Dispersing Black Holes?

Most recent answer: 10/22/2007

Q:
Hi. I understand that a black hole forms because there is not enough energy to prevent it collapsing due to gravity. I’m not a physicist, so I apologise if these questions are a little naive: 1) Would it be possible to disperse the black hole by introducing enough energy to overcome the gravitational force? 2) According to relativity, mass and energy are sort of the same thing, aren’t they? If this is the case, what is the distinction between the two ideas - is energy in the form of mass ’dormant’ in some way? What is the relevance to the mechanics of black holes? Thanks for your time.
- Olly
Uni of Nottinham, UK
A:
I’m no expert, but i think these answers are ok.

1. Once the black hole has formed, anything you throw in to try to disperse it only makes it more massive. if it were not for quantum fluctuations, that would be a one-way street. Ultimately, black holes should evaporate via quantum effects on the event horizon, but the more stuff you throw in, the longer that takes.

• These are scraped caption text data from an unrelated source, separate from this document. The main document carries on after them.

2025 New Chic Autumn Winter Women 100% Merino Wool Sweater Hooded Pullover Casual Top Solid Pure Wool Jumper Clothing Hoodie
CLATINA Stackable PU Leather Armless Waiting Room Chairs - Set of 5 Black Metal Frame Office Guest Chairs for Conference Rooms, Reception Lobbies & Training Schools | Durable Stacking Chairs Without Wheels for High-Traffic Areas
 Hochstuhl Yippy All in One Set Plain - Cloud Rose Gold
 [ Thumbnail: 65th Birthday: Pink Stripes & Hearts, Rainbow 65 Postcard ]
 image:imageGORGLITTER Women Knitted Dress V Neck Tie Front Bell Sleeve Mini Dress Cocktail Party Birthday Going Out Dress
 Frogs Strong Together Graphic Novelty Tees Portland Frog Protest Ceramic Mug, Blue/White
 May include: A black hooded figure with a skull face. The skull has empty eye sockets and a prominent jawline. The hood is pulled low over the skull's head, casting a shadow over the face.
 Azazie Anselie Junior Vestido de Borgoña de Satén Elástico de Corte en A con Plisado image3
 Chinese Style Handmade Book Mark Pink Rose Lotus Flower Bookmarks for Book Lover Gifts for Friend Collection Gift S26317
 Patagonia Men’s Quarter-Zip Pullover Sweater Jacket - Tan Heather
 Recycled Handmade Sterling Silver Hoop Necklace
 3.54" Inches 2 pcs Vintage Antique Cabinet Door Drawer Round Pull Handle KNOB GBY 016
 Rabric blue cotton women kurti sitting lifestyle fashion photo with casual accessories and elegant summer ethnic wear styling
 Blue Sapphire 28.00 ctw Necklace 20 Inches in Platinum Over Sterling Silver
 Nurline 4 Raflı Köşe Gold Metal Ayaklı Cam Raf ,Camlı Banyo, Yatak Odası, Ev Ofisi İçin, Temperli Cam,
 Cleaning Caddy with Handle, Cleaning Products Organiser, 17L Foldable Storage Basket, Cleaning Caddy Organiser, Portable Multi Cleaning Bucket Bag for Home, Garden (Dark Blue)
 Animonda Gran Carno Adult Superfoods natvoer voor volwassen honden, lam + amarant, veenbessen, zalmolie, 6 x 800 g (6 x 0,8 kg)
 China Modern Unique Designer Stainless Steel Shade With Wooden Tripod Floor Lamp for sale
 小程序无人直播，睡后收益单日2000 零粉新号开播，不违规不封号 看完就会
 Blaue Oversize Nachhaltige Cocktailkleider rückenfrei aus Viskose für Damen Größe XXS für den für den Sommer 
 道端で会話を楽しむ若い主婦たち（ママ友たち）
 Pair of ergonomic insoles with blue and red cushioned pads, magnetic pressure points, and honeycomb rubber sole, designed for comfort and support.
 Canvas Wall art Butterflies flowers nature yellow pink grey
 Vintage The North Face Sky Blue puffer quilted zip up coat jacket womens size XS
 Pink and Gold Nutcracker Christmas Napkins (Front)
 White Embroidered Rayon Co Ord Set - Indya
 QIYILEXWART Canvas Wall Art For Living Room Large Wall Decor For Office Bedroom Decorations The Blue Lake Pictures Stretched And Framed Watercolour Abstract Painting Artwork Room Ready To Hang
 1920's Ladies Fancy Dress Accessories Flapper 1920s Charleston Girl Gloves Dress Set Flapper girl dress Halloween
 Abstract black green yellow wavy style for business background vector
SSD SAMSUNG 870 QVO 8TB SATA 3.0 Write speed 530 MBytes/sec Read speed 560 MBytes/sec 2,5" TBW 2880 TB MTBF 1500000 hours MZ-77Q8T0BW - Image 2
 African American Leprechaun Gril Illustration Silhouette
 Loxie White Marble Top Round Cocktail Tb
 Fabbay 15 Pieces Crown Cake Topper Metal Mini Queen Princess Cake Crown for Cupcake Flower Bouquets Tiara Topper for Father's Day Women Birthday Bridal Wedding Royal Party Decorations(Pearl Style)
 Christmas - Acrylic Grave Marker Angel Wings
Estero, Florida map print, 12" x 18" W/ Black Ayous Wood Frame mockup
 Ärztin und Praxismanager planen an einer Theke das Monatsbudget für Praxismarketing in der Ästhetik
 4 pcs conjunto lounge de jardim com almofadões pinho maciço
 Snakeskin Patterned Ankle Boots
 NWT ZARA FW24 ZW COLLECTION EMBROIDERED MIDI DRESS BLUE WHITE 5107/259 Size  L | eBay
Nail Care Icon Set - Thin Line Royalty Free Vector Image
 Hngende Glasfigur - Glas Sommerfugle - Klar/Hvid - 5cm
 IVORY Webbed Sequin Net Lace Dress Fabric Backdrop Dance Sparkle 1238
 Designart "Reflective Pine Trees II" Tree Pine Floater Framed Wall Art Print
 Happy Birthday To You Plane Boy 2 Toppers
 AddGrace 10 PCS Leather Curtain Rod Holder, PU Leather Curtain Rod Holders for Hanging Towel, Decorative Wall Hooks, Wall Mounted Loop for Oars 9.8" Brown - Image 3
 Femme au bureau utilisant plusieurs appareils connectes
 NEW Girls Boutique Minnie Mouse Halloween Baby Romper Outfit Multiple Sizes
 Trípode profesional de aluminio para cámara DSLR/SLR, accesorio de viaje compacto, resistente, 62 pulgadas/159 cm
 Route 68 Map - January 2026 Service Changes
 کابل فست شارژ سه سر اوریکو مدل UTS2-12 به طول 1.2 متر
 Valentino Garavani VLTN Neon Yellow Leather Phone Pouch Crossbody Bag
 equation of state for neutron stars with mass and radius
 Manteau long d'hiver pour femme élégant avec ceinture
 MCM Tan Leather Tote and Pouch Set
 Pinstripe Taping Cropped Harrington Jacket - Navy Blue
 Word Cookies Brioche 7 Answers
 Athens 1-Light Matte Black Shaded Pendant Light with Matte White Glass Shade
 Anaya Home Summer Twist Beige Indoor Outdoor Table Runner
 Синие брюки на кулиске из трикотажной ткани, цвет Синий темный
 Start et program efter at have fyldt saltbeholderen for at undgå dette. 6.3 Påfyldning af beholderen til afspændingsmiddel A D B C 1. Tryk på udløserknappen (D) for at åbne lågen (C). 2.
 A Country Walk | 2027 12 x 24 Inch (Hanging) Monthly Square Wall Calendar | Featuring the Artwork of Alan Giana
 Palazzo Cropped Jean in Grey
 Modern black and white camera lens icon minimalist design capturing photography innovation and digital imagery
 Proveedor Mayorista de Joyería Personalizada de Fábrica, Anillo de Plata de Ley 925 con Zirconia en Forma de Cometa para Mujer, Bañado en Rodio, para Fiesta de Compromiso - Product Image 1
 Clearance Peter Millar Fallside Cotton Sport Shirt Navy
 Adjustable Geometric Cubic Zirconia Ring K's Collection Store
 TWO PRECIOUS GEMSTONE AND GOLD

2. Yes, in the notation that Einstein used, mass and energy are exactly the same thing, just measured in different units. However, the rest mass part of that is somehwat special in that it exists regardless of the momentum of the object, i.e. independent of whether the object is moving in your favorite reference frame. In modern terminology, sometimes that part is simply referred to as the ’mass’. In some processes (e.g. radioactive decay) particles change to types with different net rest mass, so there must be some other sort of energy released, i.e. some type associated with the momentum of the particles.
The important question is ’which quantity is conserved," i.e. which one doesn’t change in time. That’s the total mass-energy, counting all the terms, including a gravitational potential term. Usually we describe black holes in frames in which their velocity is small compared to the speed of light, and so are the initial velocities of the things that fall in, so you can get away with treating the black hole mass as the sum of the masses of the things that fell in.

Mike W.


The stuff that falls into black holes usually picks up a lot of speed as it drops in. Tidal forces tear the stuff apart, and it usually swirls around a bit before in an accretion disk before falling in. In the process, electrons can be stripped from atoms and accelerated along powerful magnetic fields. Black holes are often X-ray sources for this reason. The point here is that the gravitational potential energy of stuff before it fell in gets added to the mass of the black hole as well. It’s probably a small fraction of the energy of the stuff falling in given its rest mass.

Tom

(published on 10/22/2007)

Follow-Up #1: Constituents of black holes

Q:
are black holes a kind of anti matter
- charlie
A:
Probably not, although in principle there could be black holes made from anti-matter.   The current theory is that they started out as monstrously big stars made of ordinary matter,  hundreds or thousands of times heavier than our sun,  that simply collapsed  by their own weight into a black hole.  Although there a few anti-protons in cosmic rays, a few parts in 10,000, the abundance is consistent with p p-bar production from high energy cosmic ray interactions.  There is not much anti-matter around at all, let alone enough to form a star or black hole.